Databricks is also announcing an update to Photon, its query engine for lakehouse systems, making it available in Databricks Workspaces — the environment where users view their Databricks assets. It is releasing Open source connectors for Go, Node.js, and Python to simplify to access a lakehouse from operational applications. Meanwhile, query federation in Databricks SQL is set to let users query data in PostgreSQL, MySQL, AWS Redshift from Databricks.

Announced last year, Databricks SQL Serverless is designed to provide instant compute to users for their BI and SQL workloads. The company promised “minimal management” and capacity optimizations to lower overall cost by an average of 40 per cent.

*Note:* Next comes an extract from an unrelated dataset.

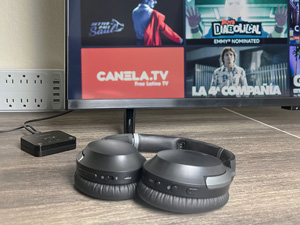Avantree Audicast outputting TV sound to bluetooth headphones.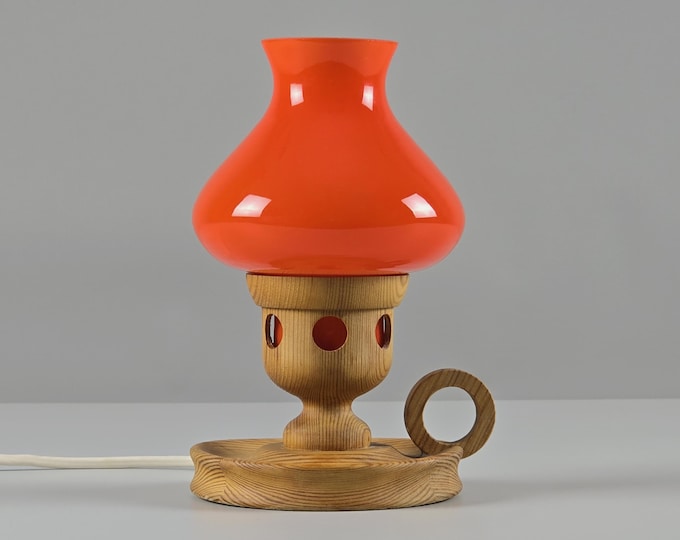1970s Vintage Swedish Table Lamp Furu by Erik Höglund for Markslöjd – Orange Pressed Glass Shade & Solid Pine Base – Space-Age Mood Light.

Joel Minnick, Databricks marketing VP, told The Register that SQL Serverless will allows users coming into Databricks to “go from start up to query in three seconds”.

It also makes economic sense in the cloud, he said. “You truly only pay for what you use on a data warehouse and workloads. That is a real game-changer in terms of the cost of getting these workloads done.”

Minnick said the nearest cloud data warehouse rival would be eight times more expensive than Databricks for these types of workloads.

The serverless option would also help address the issue of user concurrency on analytics queries, where data lakes have attracted criticism.

Minnick said Databricks had already made progress on this issue, and the vast majority of enterprise data warehousing concurrency needs would be met by Databricks SQL, he said.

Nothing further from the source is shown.